SAN FRANCISCO (CBS SF) — A Russian citizen accused of hacking into records of three Internet technology companies appeared in shackles in federal court in San Francisco Wednesday and agreed to remain in custody for the time being.
Yevgeniy Nikulin, 30, of Moscow, waived his right at Wednesday’s session before U.S. Magistrate Elizabeth Laporte to have a hearing on whether he should be detained in custody while awaiting trial.
Laporte set a court date for Nikulin to appear on April 17 for a status conference before U.S. District Judge William Alsup, the trial judge assigned to the case.
Nikulin was charged by a federal grand jury in San Francisco in a nine-count indictment in 2016 with breaking into the computers of LinkedIn, Dropbox and a now-defunct social question-and-answer company called Formspring in 2012.

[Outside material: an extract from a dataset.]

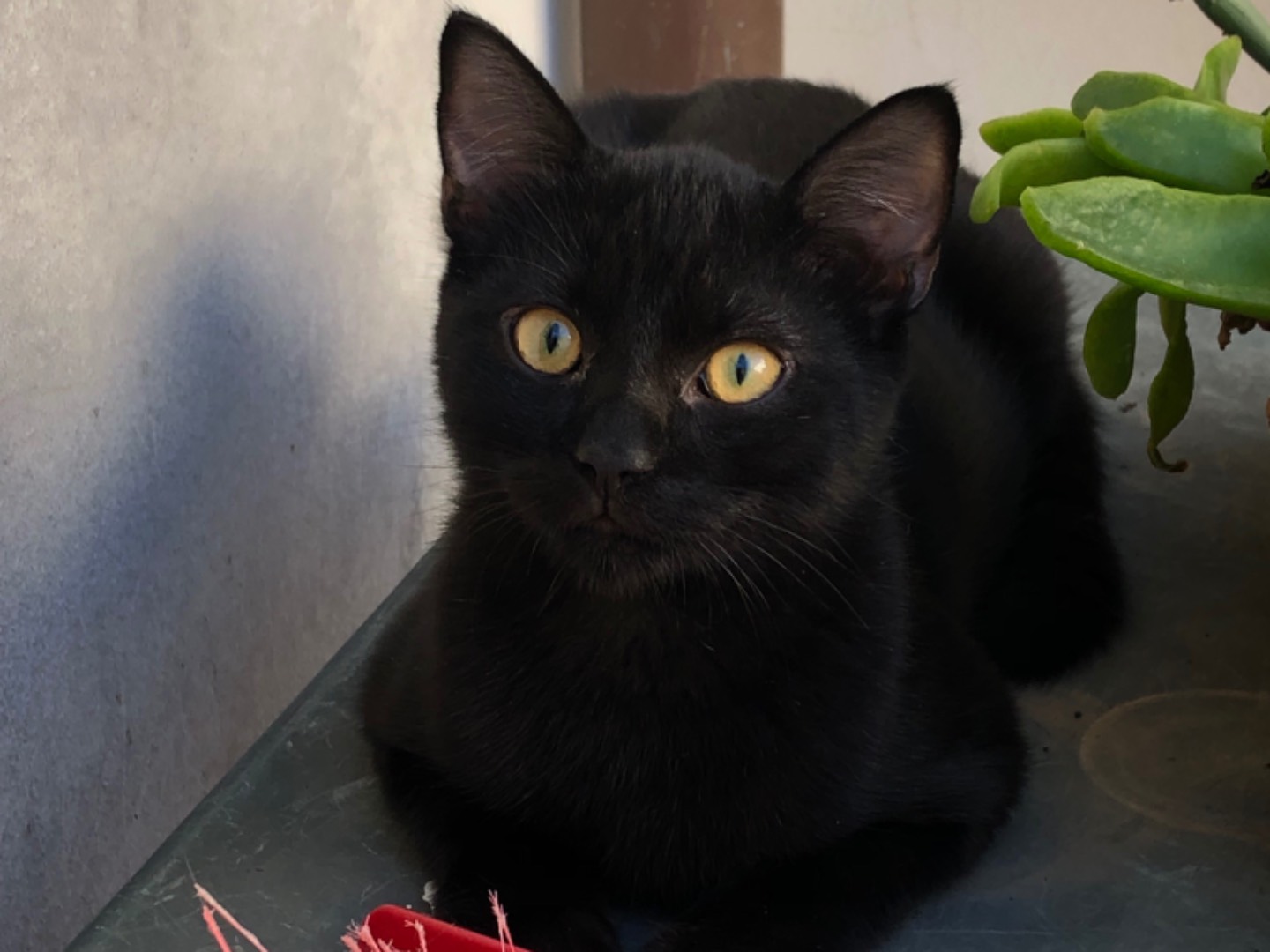 Adotta un gatto, maschio, 4 mesi, Sud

He was arrested in the Czech Republic in 2016 on a U.S. request transmitted by the Interpol international police organization and was extradited to the U.S. last week after lengthy proceedings.
Assistant U.S. Attorney Abraham Simmons said Nikulin’s defense attorney today requested removal of the shackles placed on him by the U.S. Marshals Service.
Laporte instructed defense and prosecution lawyers to submit briefs during the next two days on whether their filings concerning the request should be submitted under seal, Simmons said.
The indictment charges Nikulin with three counts of computer intrusion for the purpose of gaining information worth more than $5,000 from each of professional networking company LinkedIn Corp. of Mountain View; file storage firm Dropbox Inc. of San Francisco; and Formspring of San Francisco in 2012.
In the case of Formspring, Nikulin additionally faces two counts of conspiring with three unidentified co-conspirators to sell stolen user names, emails and passwords for 5,500 euros, and selling the stolen information for more than $1,000 between June 2012 and May 2013. The indictment does not identify the buyer.
Nikulin is also charged with two counts of aggravated identity theft of employees of LinkedIn and Formspring and two counts of using those identities to send unauthorized commands causing at least $5,000 in damage.
In a statement last week, U.S. Attorney General Jeff Sessions said Nikulin “is accused of breaking into the computer system of several important American companies using stolen identities, and potentially gaining access to the personal information of millions of Americans.”
“This is deeply troubling behavior once again emanating from Russia,” Sessions said.